My heart sank when I first heard about the New York City art project known as “The Gates.” One thousand workers were to put up 7,500 gates along the paths in Central Park and drape saffron-colored fabric from each one. I wasn’t reacting to the art. In fact, I hadn’t even decided if the project should be considered art. What depressed me was thinking about how it was funded.
I assumed that tax money was involved, and that casts a shadow. The problem is that taxes are funds taken by force and the threat of force; it’s always disappointing to see any project, even the noblest, founded on coercion.
But this was not the case. To my surprise, I learned that the $21 million cost of “The Gates” was being entirely paid by the artists, who go by the names of Christo and Jeanne-Claude. This isn’t their first large-scale “environmental” art project. They’ve done 18 such works, including the “Valley Curtain” in Rifle, Colorado; “Surrounded Islands” in Biscayne Bay, Florida; and “The Pont Neuf Wrapped” in Paris. And none of them were tax funded! In each case, they earned the money by selling preparatory drawings of the proposed environmental art—at prices ranging from $30,000 to $600,000—and selling other of their artwork.
It’s not just government money that Christo and Jeanne-Claude reject. They refuse any funds that might compromise their artistic independence. They don’t take grants from foundations or businesses. And they don’t take money from books, posters, films, or videos of the projects after they are completed. They feel that if they had post-production sales in mind when they were creating a piece, that could influence their art. With “The Gates,” they have turned over post-production rights and royalties to two nonprofits, Nurture New York’s Nature and the Central Park Conservancy.

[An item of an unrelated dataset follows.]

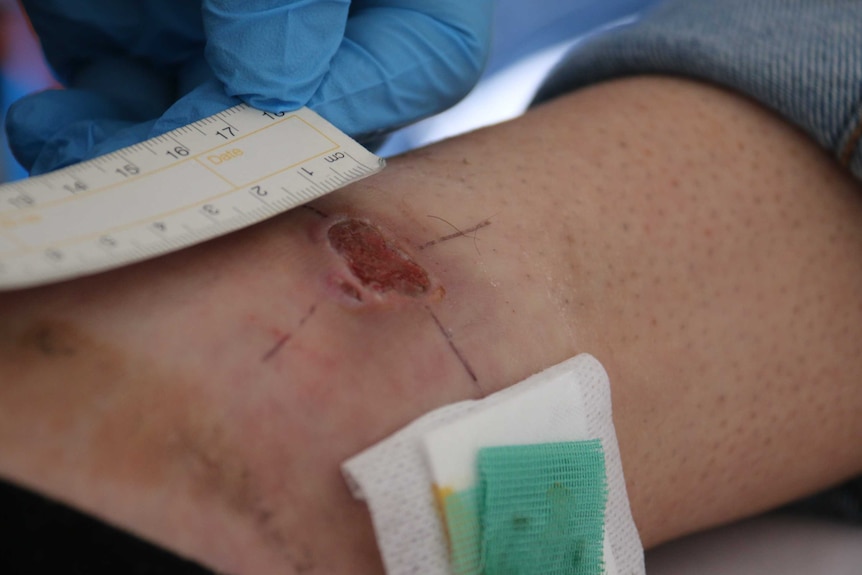 A tape measure next to a Buruli ulcer on a woman's ankle.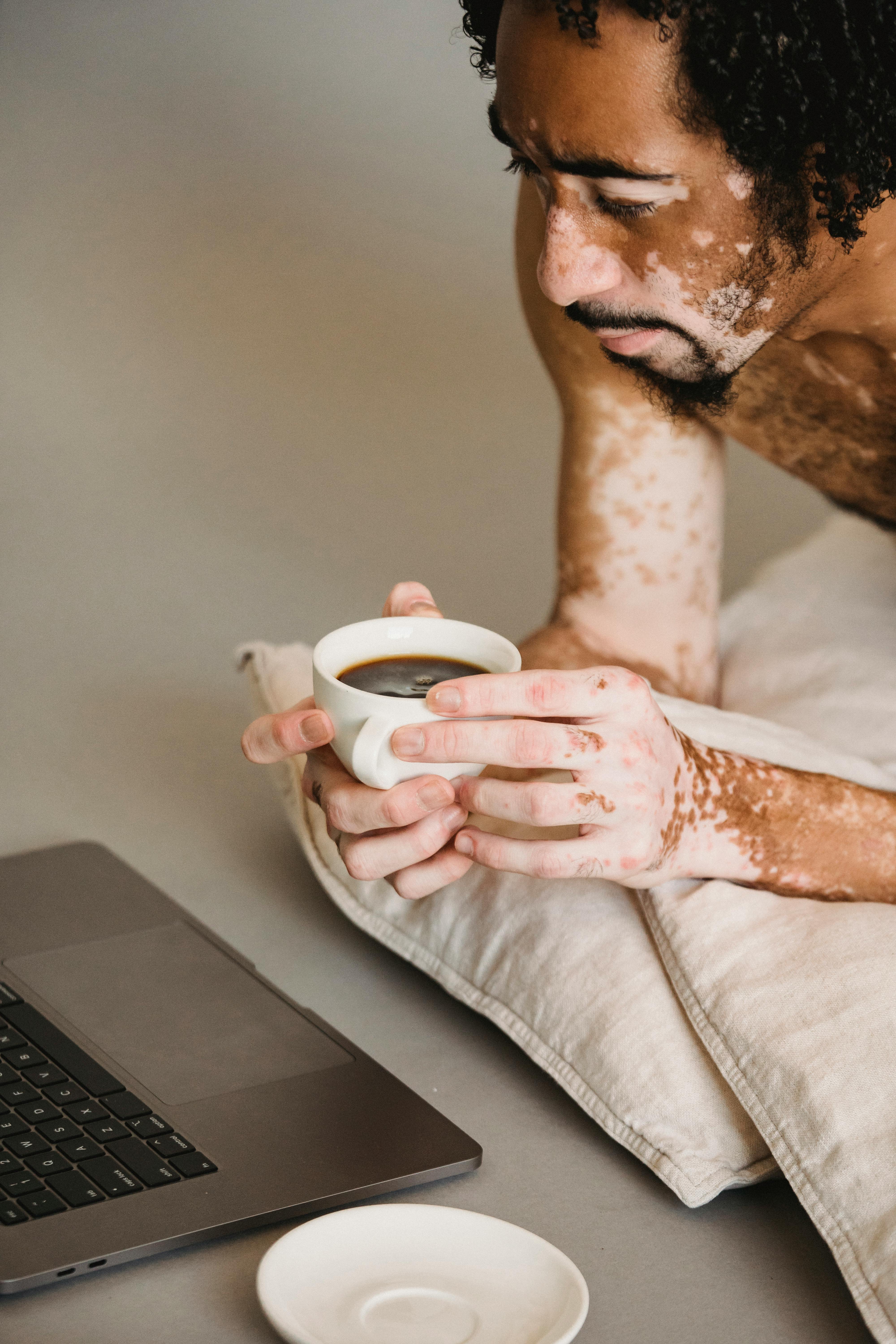 Young man with vitiligo having a cup of coffee in a cafeteria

In economic terms, the project was a remarkable success. In addition to the funds raised for the environmental nonprofits, city businesses gained economically to the tune of an estimated $254 million from the spending of several hundred thousand tourists who came to see the event. And the 1,000 temporary workers who put up the exhibit and took it down earned some extra cash. Significantly, these benefits were an incidental byproduct. It was not the artists’ intention to serve society. “We create for us,” Jeanne-Claude told a reporter. “We don’t create for the public. But, of course, those who like it, that’s a bonus for us.”
By all reports, the public enjoyed “The Gates.” Of course, there were a few critics. One New York Times columnist bemoaned the fact that creating the project used up energy and therefore contributed to global warming. A letter writer put him down as a “selfish naysayer” who had been “oblivious to the thousands of people who were bursting with joy and enthusiasm upon viewing this unique phenomenon.”
Many people got a lot out of “The Gates,” but to my mind, the most moving aspect of it was how it wasn’t funded. In a day and age where practically everyone thoughtlessly accepts government’s coercively gathered funds, Christo and Jeanne-Claude have given the world a shining example of voluntary art.